Student Life
A photograph of the first class of Humboldt State Teacher's College - an institution primarily founded to teach women how to be teachers. Humboldt State was created in a response to a need for teachers in rural areas. As advertized in the October 1916 Humboldt State Normal School Bulletin, total school expenses of attending was about $12.50 to $15.00 per month.
Centerfold to the Humboldt State Normal School College Letter - Summer School Announcement and Program. Outlines classes that students could elect to take over the summer. Such classes were Applied Design and Gift Work, Elementary Manual Training, How to Teach Non-English Speaking Children (first grade), Psychology, Educational Sociology, Library Training, Library Practice, Children's Literature, Literary Appreciation, Story Telling, Pageantry, Piano, Americanization, Public School Music, Glee Club, Jewelry, Pottery, Woodwork, Field Geography, Nature Study, General Science, Swimming, and Physical Education.
The letter also announced the newest builsing - Founder's Hall - as the first permanent building of Humboldt State Normal School, which cost $300,00 to build. Students were allowed to board in the school, and the registration fee for summer school was $2.50. According to the Cabrillo yerbook of 1927, the construction of Founder's Hall began as early as April 6, 1914. 51 acres had been donated to Humboldt State Normal College by W.A. PReston and the Union Water Company. Eureka, Ferndale, and Arcata had all been vying to be the location of the university, but the large donations secured Arcata as the site on which Humboldt State would be built.
Humboldt State Teacher's College's Founder's Hall Courtyard. When the building was first built, there were no windows in the archways, or the exposed second story. According to professor and later vice-president of Humboldt State, the architect of Founder's Hall was a Sacramento man who was interested in Grecian misson architecture, and thus created a building that would have been more suitable for a Mediterranean climate. Due to annual flooding, glass panes were added to the archways and second story.
On Humboldt's Redwoods
Thou Mighty redwood tree, standing since the first of time,
Guardian of this college, in thy calmness most sublime,
Holding in thy shadows and thy memories so fast,
Secrets of great ages, long since gone, long past,
Now standin out boldly, 'neath the sky's dark blue,
Now lost in the shadows of a misty hue,
A grand old monarch unyielding to stand,
Ever the same in out changing land.
- Winston Schussman, Humboldt State Teacher's College Student, 1927
- Cabrillo -
Below are samples of pages from the Cabrillo yearbook - Humboldt State Teachers Colleges' first yearbook, which was printed in 1927. This is the only publication of a Cabrillo yearbook in the school's history.

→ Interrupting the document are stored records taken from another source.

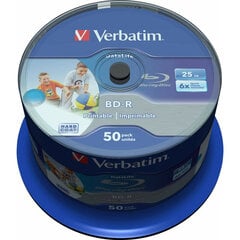 Verbatim BD-R 6x 25GB 50P CB DataLife Printable 43812 cena un informācija | Vinila plates, CD, DVD | 220.lv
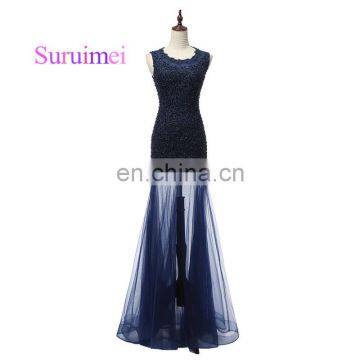 100% Real Photo Elegant Long Lace-up Lace Sleeveless Fashionable Evening Dress 2017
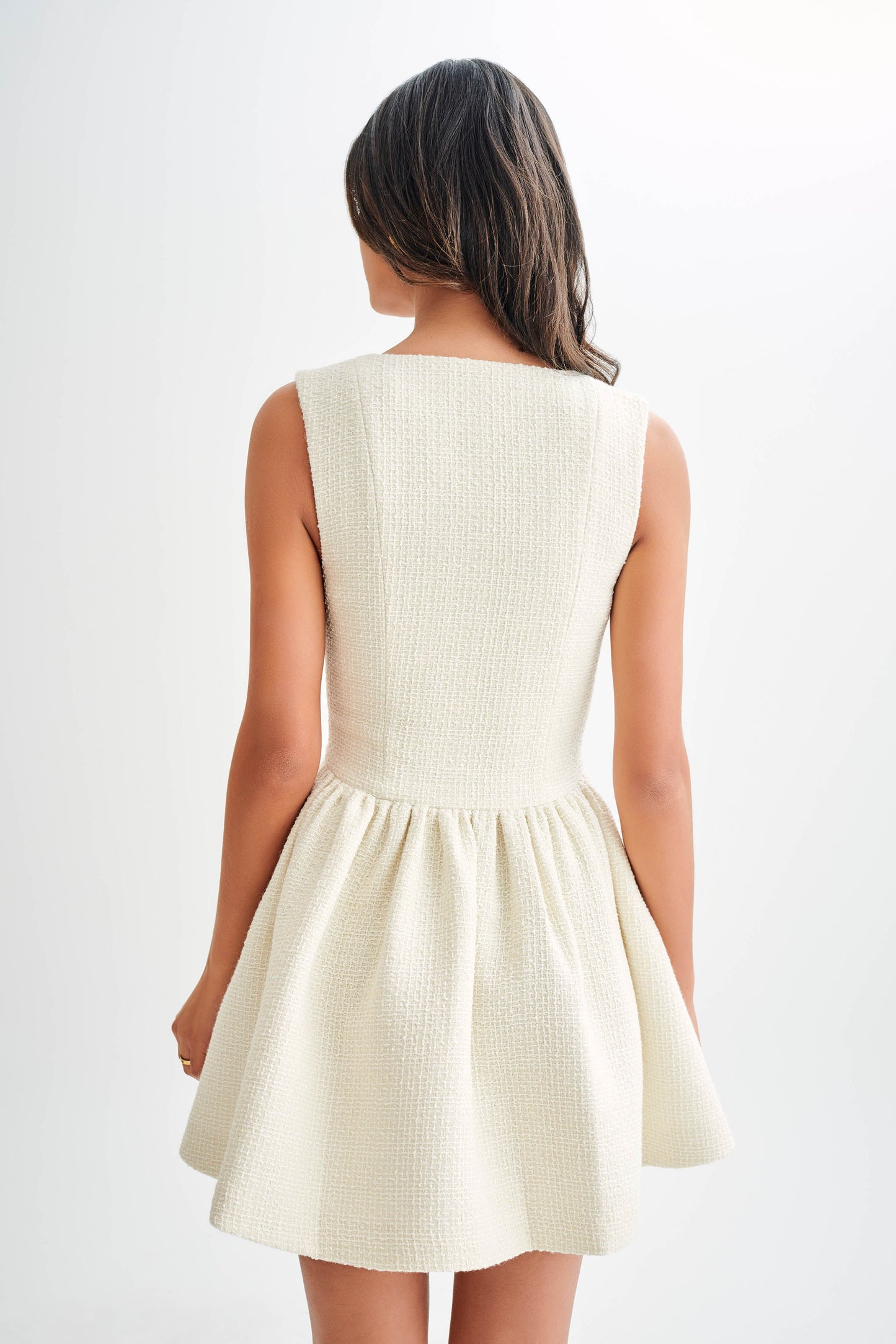 ROF Jennifer Boucle Mini Elbise - Fildişi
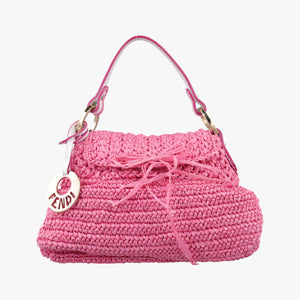 Pre-owned Fendi Chef Bag Pink straw 8BK042 handbag | stylenewstar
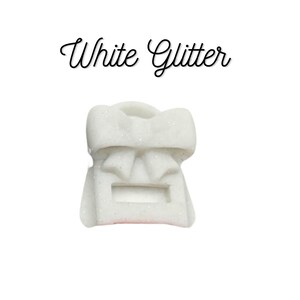 Bow Popper Soda Can Tab Opener White Glitter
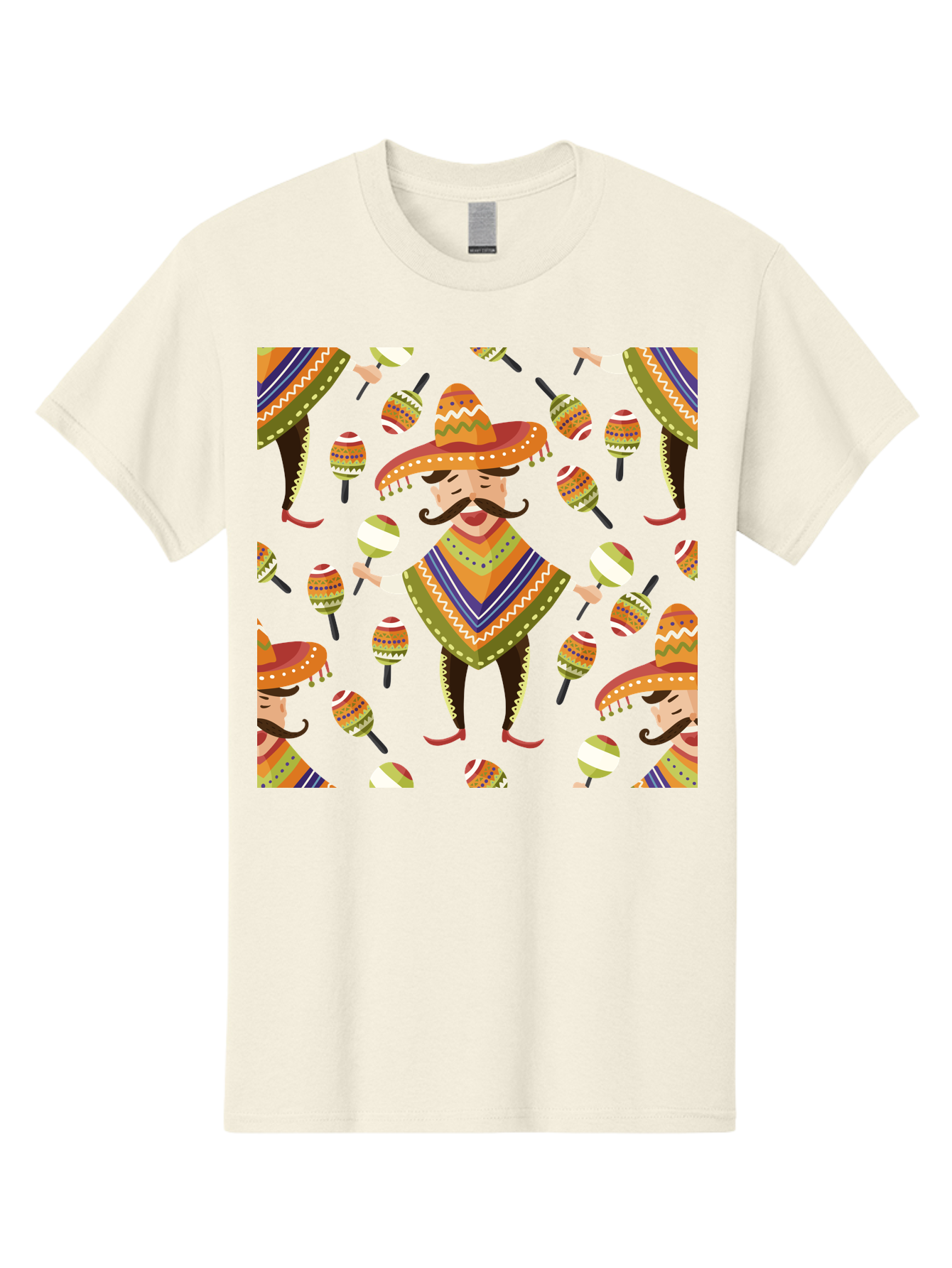 Mariachi-Pattern Men'S Graphic Tee, 100% Cotton, Comfortable Casual Summer Wear, Machine Washable, Mexican Mariachi, Colorful Sombrero, Traditional Clothing, Maracas, Festive Atmosphere, Lively Music, Vibrant Colors, Cultural Heritage, -  Aaa278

"Cabrillo" was chosen as the name of the annual after much debate. The euphony and historical significance of the word were the deciding factors. Cabrillo was a daring explorer who discovered California and commanded an intrepid expedition. Memebers of his expedition sailed as far as Humboldt county after his death. His name is synonymous for courage, a quality which must neccessarily be noticeably present in connection with the publication of the next few issues of this volume."
- Cabrillo, 1927
I
"Far above Pacific's waters, with its waves of blue,
Stands our noble Alma Mater, glorious to view.
Hail, all hail to Humboldt College; loud her praises sing
Hail to thee, our Alma Mater; hail, all hail, all hail.
II
College Life is swiftly passing, soon its sands are run.
While we live we'ss ever cherish, frienships here begun.
Hail, all hail to Humboldt College; loud her praises sing,
Hail to thee, our Alma Mater; hail, all hail, all hail."